Adapun ketua tim pembimbing disertasi, yaitu Dr. Agus Sachari, M.Sn., dengan anggota pembimbing, yaitu Dr. Yannes Martinus Pasaribu, M.Sn. dan Dr. Komarudin Kudiya (Batik Komar).
Sementara itu, penguji terdiri atas Dr. Andryanto Rikrik Kusmara, S.Sn., M.Sn., Dr. Yan Yan Sunarya, S.Sn., M.Sn., dan Prof. Dr. Dadang Suganda, M.Hum., dari Unpad, dengan ketua sidang yaitu Prof. Dr. Yasraf Amir Piliang, M.A.
Hendhy Nansha, S.Ds., M.Sn., M.H. membawakan disertasi dengan judul “Pedati Gede Pekalangan sebagai Inspirasi Perancangan Kendaraan Hot Rod dalam Skena Kustom Kulture dengan nama Karya yaitu Cakrabuana Cart Rod”.
Pedati Gede Pekalangan menjadi salah satu saksi sejarah berdirinya Cirebon yang dibuat oleh Pangeran Cakrabuana pada tahun 1371 saka atau 1449 masehi. Roda pedati ini berdiameter sangat besar karena sering keluar masuk perkampungan dengan jalanan yang penuh tantangan, jari-jarinya berjumlah dua belas sebagai representasi banyaknya bulan dalam setahun.
Pada masanya, roda atau lingkaran merupakan penggambaran dari matahari atau sumber kehidupan. Cakrabuana Cart Rod roda belakangnya juga berukuran besar sebagai identitas Pedati Gede Pekalangan, velg-nya pun dibuat berjari-jari dengan pemahaman bahwa roda kehidupan yang akan terus berputar hingga nanti berhenti karena mati.

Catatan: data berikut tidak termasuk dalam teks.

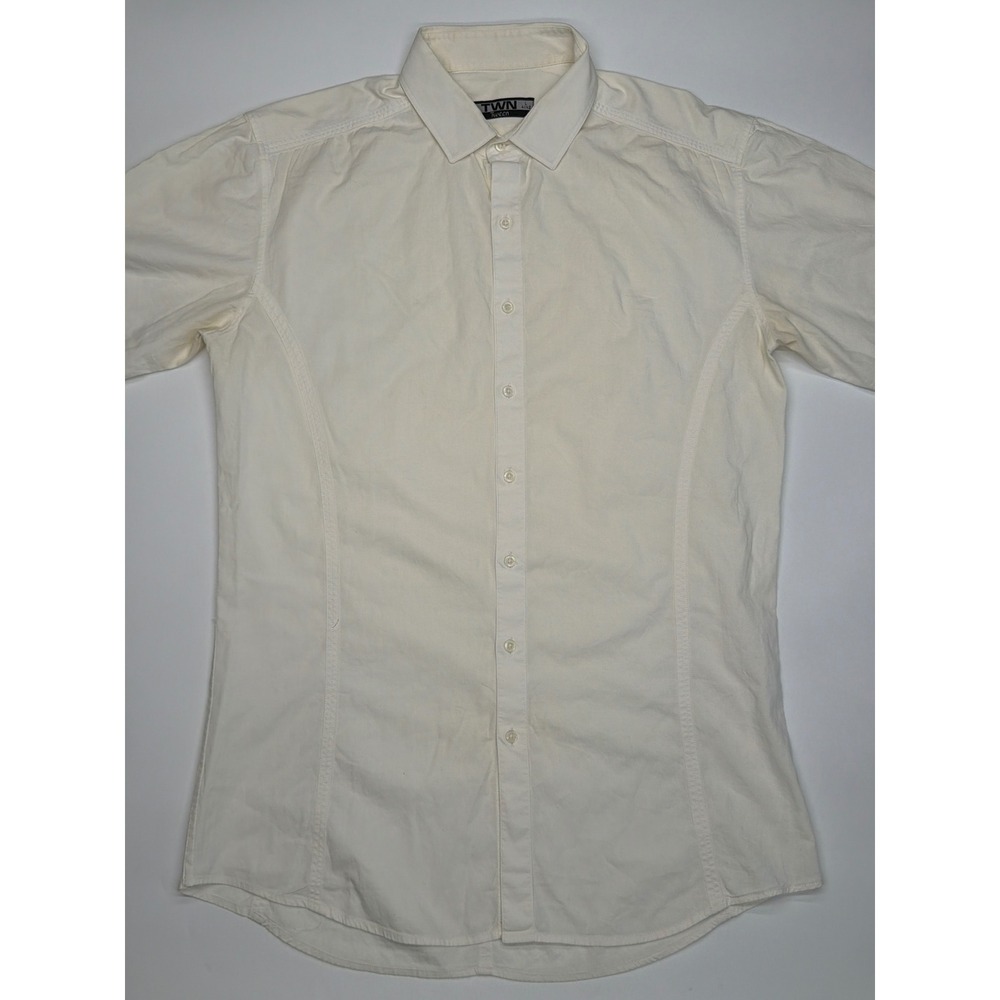 TWN Tween Mens Short Sleeve Button Down‎ Shirt Cream Size L 41/42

Selain membangun peradaban dengan pedati ini, Pangeran Cakrabuana juga berjuang dalam penyebaran Islam, menyadari wilayah Cirebon dihuni oleh para pendatang dengan berbagai latar belakang kebudayaan, maka Pangeran Cakrabuana meletakkan ornamen-ornamen dari berbagai kebudayaan tersebut. Seperti kangkungan, qilin, wadasan, burung phoenix atau hong, burung bangau butak atau kuntul Manglayang, dan juga keluenan atau motif tumbuhan sebagai bagian dari ilmu pendekatan.

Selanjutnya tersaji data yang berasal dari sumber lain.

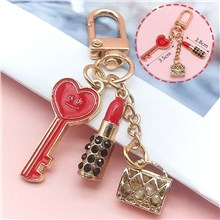 Cute Key Lipstick Handbag Alloy Keychain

Dari hasil penelitian mendalam begitulah pangeran Cakrabuana yang paham betul bagaimana cara mengambil hati orang-orang sekitarnya, hal yang sama juga berlaku saat beliau menyebarkan agamanya yaitu Islam.
Barangkali itulah salah satu penyebab akhirnya nanti muncul istilah Islam Nusantara dengan berbagai penyesuaian yang beliau lakukan terhadap orang sekitarnya yang pada masa itu mayoritas beragama Hindu Buddha. Ornamen pada pedati yang tadinya berukuran kecil dibuat mendominasi pada karya Cakrabuana Cart Rod dengan tujuan memperlihatikan poin penting dari sebuah perjuangan, perjuangan menguasai diri agar terus dapat diterima oleh sekitar.
“Cakrabuana Cart Rod mengingatkan tentang perjuangan menuju Allah, sekaligus upaya agar diterima oleh sesama,” ujar Hendhy Nansha, S.Ds., M.Sn., M.H.